Um jornalista carioca definiu a cítara como um instrumento muito próprio para ser tocado por centopeias e polvos. Quem cresceu em Brasília nas duas primeiras décadas da cidade teve o privilégio de assistir Avena de Castro dedilhando a cítara como se ela pertencesse originalmente aos regionais de choro. Jacob do Bandolim dizia que Avena era o seu melhor intérprete.

Mas, além de excelente instrumentista, poucos sabem que Avena foi um

magnífico compositor e um líder fundamental para a consolidação do choro em Brasília. Em julho de 2016, a flautista Beth Ernest Dias comandou, no Clube do Choro, uma memorável aula-espetáculo, que fez com que a figura mítica de Avena de Castro ganhasse corpo, presença, sopro e voz. Desde 2012, ela acordava, almoçava, dormia e sonhava com os tempos pioneiros e românticos do choro envolvidos no meio das nuvens e da poeira.

Com a cabeça de instrumentista e educadora, concebeu um projeto em três frentes, batizado de Sábado à tarde: um livro para contar a história, dois CDs para revelar a excelência do compositor e um caderno com cifras e melodias de Avena para que seja tocado em qualquer escola ou roda de choro. No decorrer da pesquisa, Paulinho da Viola ligou várias vezes para evocar histórias. Em uma delas, contou que, quando tinha 15 anos, no Rio de Janeiro, assistiu Avena tocar e ficou impressionado com a qualidade das composições.

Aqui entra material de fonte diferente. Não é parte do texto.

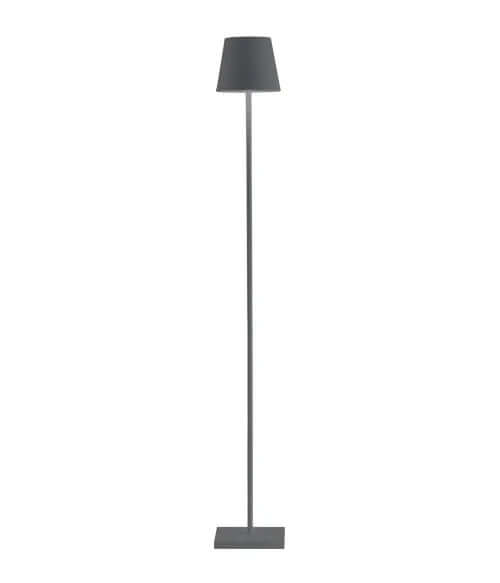 Rechargeable LED Floor Lamp - Modern Adjustable Aluminum & Acrylic Lamp - White/Black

É precisamente essa qualidade do compositor que Beth revelou com a participação de três gerações de instrumentistas de primeira linha. Mesmo sem letra, cada composição é uma crônica que narra a história da música na cidade. Avena compôs lindas e fantasiosas melodias. A belíssima Sábado à tarde foi dedicada às rodas musicais no apartamento do jornalista Raimundo Brito, que, guardadas as devidas proporções, estão para a história do choro em Brasília como a casa da Tia Ciata esteve para a invenção do samba no Rio de Janeiro.

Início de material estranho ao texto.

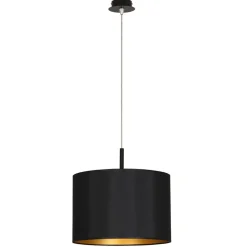 Lampa Wisząca ALICE Czarny Złoty Abażur 1xE27 46cm * Nowodvorski Sale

Divina flauta homenageia Odette Ernest Dias, a dona do apartamento que se transformou no reduto dos saraus brasilienses, depois da morte de Raimundo de Brito, nos anos 1970. Evocação de Jacob do Bandolim celebra o amigo que, a meu ver, exerceu influência decisiva na constituição do choro em Brasília. As composições puxavam fios de uma história que estava se perdendo irremediavelmente.

O projeto de Beth Ernest recolocou Avena de Castro na corrente sanguínea da música popular brasileira. Foi uma celebração de Avena e da música brasiliense, pois subiram ao palco três gerações de instrumentistas.

Evoquei o projeto e a apresentação no Clube do Choro porque, na última sexta-feira, dia 7 de dezembro, Avena de Castro faria 100 anos. E, no entanto, a data passou completamente em brancas nuvens. Isso não poderia acontecer, pois o citarista foi um dos líderes do primeiro núcleo do choro no planalto e o primeiro presidente do Clube do Choro, que se tornou referência nacional. Merecia uma celebração musical. É essa a história que confere dignidade a Brasília e não podemos esquecê-la.